Madam Speaker, I had the opportunity to rise in this chamber not long ago and ask the Minister of Public Safety about the scourge of crime on streets in my own community back home and across the country. So much of this problem of rampant criminality is a direct consequence of Liberal government catch-and-release bail policies. These policies put repeat, often violent, offenders back on the streets, sometimes hours after they were arrested and charged and then released.
Police officers have been incredibly frustrated by this. We have been calling for action, as have provinces, municipalities, police agencies, victims' rights groups and businesses. Everyone has been calling for the government to act. The government has continued to allude to some sort of bail reform the members say is coming, but they have been shockingly scant on any of the details of what that bail reform will entail and, more importantly, whether it will involve repealing the principle of restraint. That is the section of the Criminal Code the Liberal bail law, Bill C-75, put in place compelling judges to release offenders under the least onerous conditions and at the earliest possible opportunity.
For all the systematic issues that we have been flagging as a party, that Canadians have been flagging, such as violent offenders being released and people being arrested for serious offences while out on bail, the case has been made. We can draw a direct line between this and the principle of restraint in Bill C-75. This is important because I asked the Minister of Public Safety about it, using an example from St. Thomas, Ontario, of a repeat offender, a homeless man, who was released on bail with the condition that he be home by 10 p.m., despite not having a home. This is an impossible bail condition that the police have no ability to enforce.

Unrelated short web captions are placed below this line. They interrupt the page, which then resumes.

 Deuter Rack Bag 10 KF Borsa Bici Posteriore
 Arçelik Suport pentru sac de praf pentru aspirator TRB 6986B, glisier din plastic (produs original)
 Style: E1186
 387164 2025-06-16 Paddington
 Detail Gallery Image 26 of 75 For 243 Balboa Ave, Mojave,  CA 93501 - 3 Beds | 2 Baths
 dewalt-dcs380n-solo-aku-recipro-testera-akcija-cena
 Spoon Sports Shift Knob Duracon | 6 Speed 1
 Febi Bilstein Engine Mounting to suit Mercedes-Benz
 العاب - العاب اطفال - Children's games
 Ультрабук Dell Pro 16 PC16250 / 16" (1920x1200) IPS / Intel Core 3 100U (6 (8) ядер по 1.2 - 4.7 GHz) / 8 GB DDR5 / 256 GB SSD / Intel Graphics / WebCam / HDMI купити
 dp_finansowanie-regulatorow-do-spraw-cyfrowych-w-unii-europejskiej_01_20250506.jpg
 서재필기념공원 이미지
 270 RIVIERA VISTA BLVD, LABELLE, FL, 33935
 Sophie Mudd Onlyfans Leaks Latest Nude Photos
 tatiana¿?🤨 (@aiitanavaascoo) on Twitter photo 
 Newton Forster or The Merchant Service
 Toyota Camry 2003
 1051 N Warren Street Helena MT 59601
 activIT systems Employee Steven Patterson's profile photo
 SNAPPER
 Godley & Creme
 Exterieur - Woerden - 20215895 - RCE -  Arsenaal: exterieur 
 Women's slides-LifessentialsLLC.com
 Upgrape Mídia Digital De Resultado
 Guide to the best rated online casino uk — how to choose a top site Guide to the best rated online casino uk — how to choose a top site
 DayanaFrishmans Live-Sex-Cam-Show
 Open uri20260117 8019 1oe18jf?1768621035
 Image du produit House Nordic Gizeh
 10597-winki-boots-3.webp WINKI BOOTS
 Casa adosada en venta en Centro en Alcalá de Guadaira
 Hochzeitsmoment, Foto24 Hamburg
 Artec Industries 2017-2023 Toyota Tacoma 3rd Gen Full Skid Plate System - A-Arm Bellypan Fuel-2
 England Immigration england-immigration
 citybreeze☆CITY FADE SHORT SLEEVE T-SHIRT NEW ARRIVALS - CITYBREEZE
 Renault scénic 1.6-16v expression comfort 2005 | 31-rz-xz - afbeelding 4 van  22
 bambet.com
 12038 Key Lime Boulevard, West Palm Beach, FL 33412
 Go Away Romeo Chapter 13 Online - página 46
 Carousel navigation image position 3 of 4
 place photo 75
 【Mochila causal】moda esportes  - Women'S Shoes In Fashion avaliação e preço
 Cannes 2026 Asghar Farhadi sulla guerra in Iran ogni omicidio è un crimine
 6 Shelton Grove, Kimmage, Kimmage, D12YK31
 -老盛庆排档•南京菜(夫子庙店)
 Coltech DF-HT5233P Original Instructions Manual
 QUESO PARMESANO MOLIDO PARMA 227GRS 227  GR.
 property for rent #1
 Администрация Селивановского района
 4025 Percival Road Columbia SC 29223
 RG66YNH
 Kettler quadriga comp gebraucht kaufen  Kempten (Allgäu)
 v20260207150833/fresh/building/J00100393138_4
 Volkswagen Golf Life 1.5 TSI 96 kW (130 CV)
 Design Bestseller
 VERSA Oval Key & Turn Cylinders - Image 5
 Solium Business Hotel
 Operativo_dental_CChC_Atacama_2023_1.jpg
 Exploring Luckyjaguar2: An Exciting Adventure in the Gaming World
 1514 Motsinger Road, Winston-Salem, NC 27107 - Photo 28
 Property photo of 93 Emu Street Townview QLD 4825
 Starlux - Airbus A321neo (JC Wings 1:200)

That matters because the public safety minister's representative, the Secretary of State for Combatting Crime, had the audacity to say that the government is “tough on crime”. She said that with a straight face, that the government is tough on crime, the government that has been the only stakeholder in the country not to acknowledge the bail crisis. When we have NDP leaders, Conservative leaders, provincial Liberal leaders who have broken ranks with their feckless, easy-on-crime and easy-on-criminals, hug-a-thug federal counterparts across the aisle here, they have all been in agreement that this is not a tough-on-crime government. This is instead a government that is tough on victims, a government that puts the rights of offenders above the rights of victims.
We get a strong sense of what the government has prioritized, despite claiming some bail legislation is coming at some point, maybe after the budget. Who knows? This is a government that has found it high enough on its agenda to propose a ban on large cash transactions. It has decided that banning people from buying a used car worth more than $10,000 is more important than bail reform. It has decided that confiscating firearms from law-abiding gun owners is more important than bail. It has announced it is going full steam ahead on that despite the public safety minister, not knowing he was being recorded, actually defending our arguments about this program's uselessness.
My question for the government is, how dare it claim to be tough on crime when it has been ignoring the pleas from virtually everyone else in the country to get serious about bail reform, to do it urgently, to do it imminently and, once and for all, to put the rights of victims first?